**Problem requirements**
An exact copy is the goal: every line from the one containing "ASKILI HASIR KEDİLİ ÇANTA" to the end of the material below, pictures excluded.

**Available data**
□ □ □ □ □ □ □
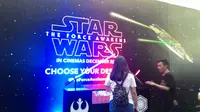 Senayan City dan Lucasfilm menggelar pameran interaktif Star Wars: The Force Awakens yang berlangsung sejak 4 Desember 2015 hingga 10 Januari 2016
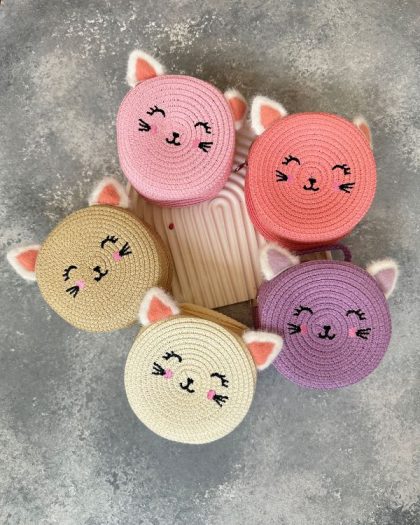 ASKILI HASIR KEDİLİ ÇANTA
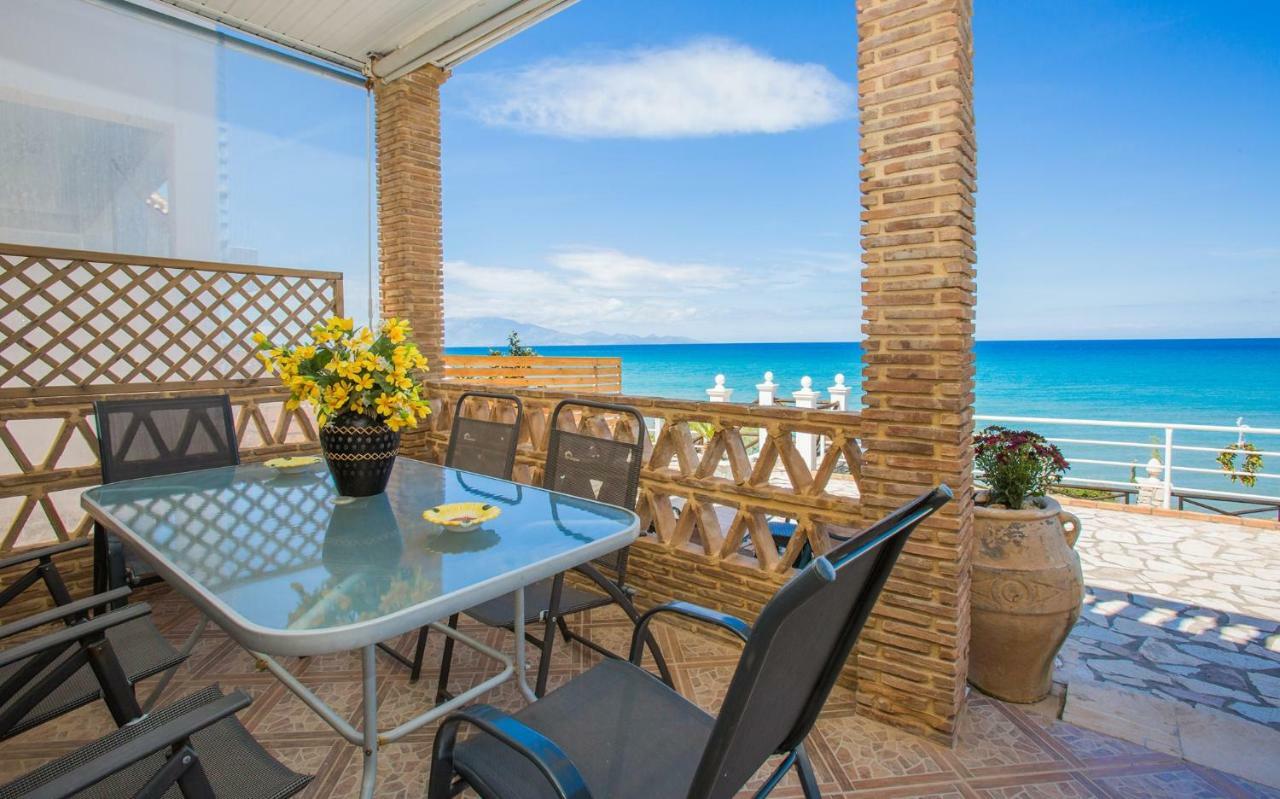 Laura Beach House أليكيس المظهر الخارجي الصورة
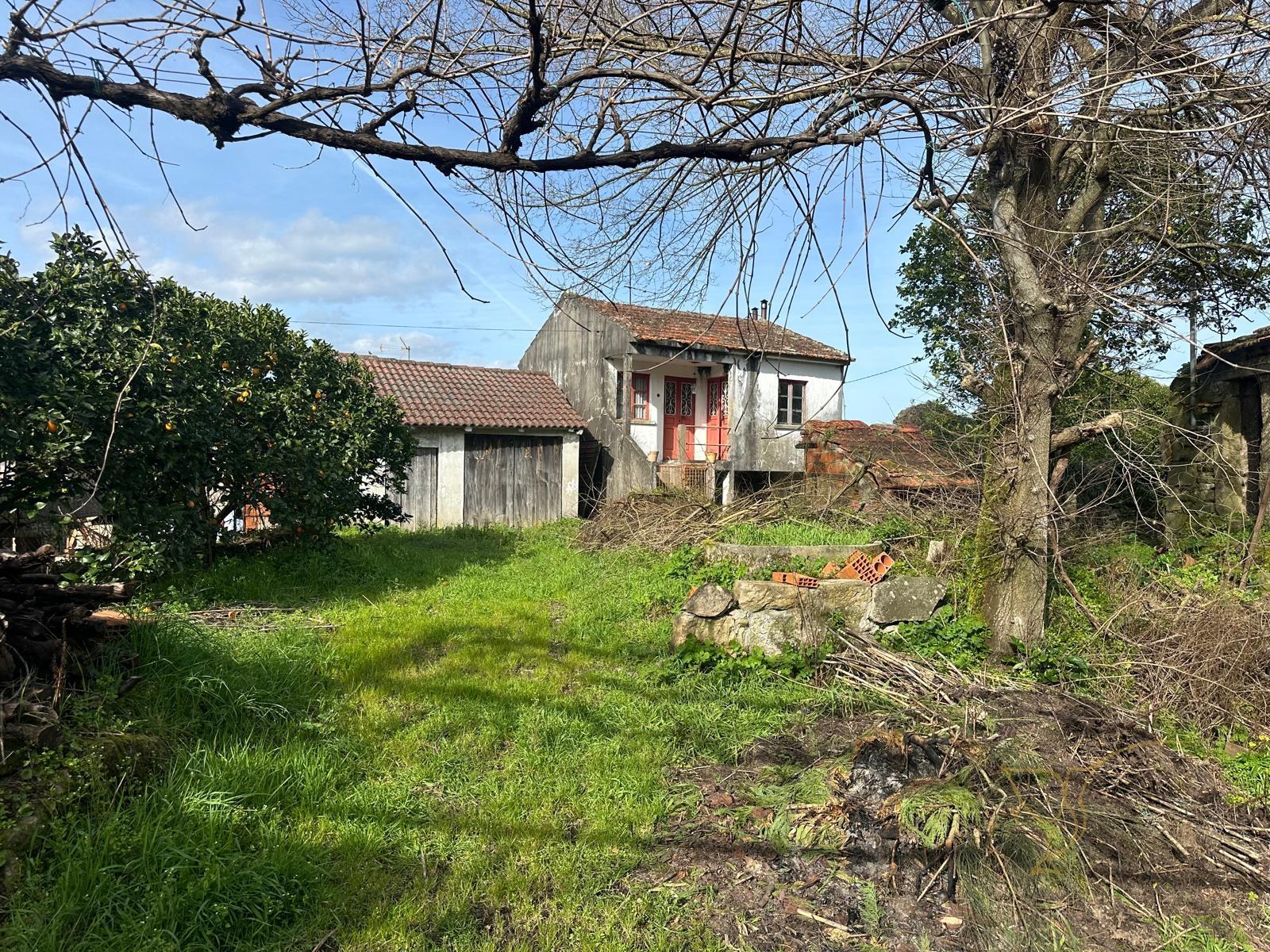 Conjunto de Três Casas com Projeto, localizadas em Alvaredo, no concelho de Melgaço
□ □ □ □ □ □ □
**Task result**
 ASKILI HASIR KEDİLİ ÇANTA
 Laura Beach House أليكيس المظهر الخارجي الصورة
 Conjunto de Três Casas com Projeto, localizadas em Alvaredo, no concelho de Melgaço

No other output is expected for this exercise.